Bremont watches just beg to be worn! When they sit for a long time, at home or in store, the movement can get slightly out of adjustment especially if they are handled not fully wound! And most of the time if you wind them up and wear them they will adjust on their own! When setting the the time and date I will set the watch to two days late then slowly advance the time to watch the day/date cycle at midnight and let the movement sync properly! This technique has worked well for me on all my mechanical watches! But sometimes stuff happens and a service is your only option. I am glad all is well with your MB111 and I know you are going to find it a great choice! Cheers Jim. . :-!


----------



## watchcollectio (Mar 30, 2015)

You got your answer there :



vexXed said:


> Last week I moved on my MBII and it had the misaligned hands issue too. I only noticed it after a couple of months and I sent it away to get it fixed as it was still under warranty. Came back in 2 months with the hands lined up perfectly. They included a free pair of cufflinks for the trouble.
> 
> If it does bother you, send it away to get it fixed. Especially since it is still under warranty. Otherwise it will all you'll be thinking about when you look at the time.


----------



## galvestonokie (May 26, 2007)

Capt Leslie: i now believe the answer is in your post just above. i think that, until a few days ago, the watch was never "fully" wound. Didn't apply Occam's Razor here. all is good now. thanks to all for suggestions. Rob


----------



## filternozzle (Dec 19, 2015)

awildermode said:


> View attachment 6265882
> 
> 
> There are two rings of indicators, a traditional 12H, and a 24h GMT.
> ...


Thanks for this explanation - I wasn't aware of how it worked and you have made it crystal clear.


----------



## vipereaper30 (Sep 12, 2009)

CaptLeslie said:


> And most of the time if you wind them up and wear them they will adjust on their own!
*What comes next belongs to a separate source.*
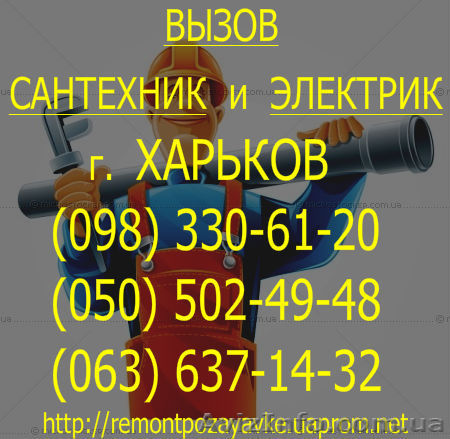 Замена батарей отопления Харьков. Замена радиаторов отопления Харьков. Сантехник - <ro>Изображение</ro><ru>Изображение</ru> #1, <ru>Объявление</ru> #359804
Jim, you must have a very special Bremont! Or mine just need to be trained.


----------



## CaptLeslie (May 15, 2011)

vipereaper30 said:


> Jim, you must have a very special Bremont! Or mine just need to be trained.


On my MB1 if I leave it unwound for a long time sometimes the first time I try and wind it and set the time all works normal but it will only wind about 10 turns and then feels like it is over wound. If I just wear it a few hours then try winding again she now winds normal. This has happened a couple of times, but I have had numerous watches that when left a long time unworn they do weird things when it comes to time, date or day setting. What I then do is wear it awhile then go thru the procedure to reset everything and this has saved me from the service center more than once! Obviously if something is broke this won't fix it , but sometimes all you need to do is take her out on the highway and blow the carbon out! Cheers Jim


----------



## galvestonokie (May 26, 2007)

Dear all:

i want to close this story. after some time being unhappy with the watch, i returned it to Bremont for a check. it made no sense to me that the GMT/zulu hand would not track (at least very often) the minute hand. this is what caused me to begin this thread. also, the longer i kept the watch, the GMT hand began losing an hour or two some evenings. just offended my sense of order.

luckily, the watch was still under warranty. Since i am now living in the USA again, i was instructed to send the watch to Bremont's US office, in New York. they promptly forwarded the watch to the UK. what i learned is exactly what i had suspected all along. and, this was mentioned in a few posts in this thread. in short, with the watch freshly returned from Bremont, the GMT/zulu hand tracks very closely, IMHO, the minute hand. the GMT hand also adjusts properly. also, regarding the service work:


i also had them replace the anthracite barrel/case since it had a slight ding (not inexpensive);
they replaced the GMT wheel in the watch, i assume this is what fixed the problem;
the return postage was paid;
i did not receive a free pair of Bremont cuff links as some others mentioned;
it took about 4 months as i recall;
the workmanship was excellent and the watch keeps immaculate time now;
i am quite happy with the watch now, it is my keeper, and am selling off some others.

here is a recent pic of the watch showing the position of the GMT (red/white triangle)hand.










bob


----------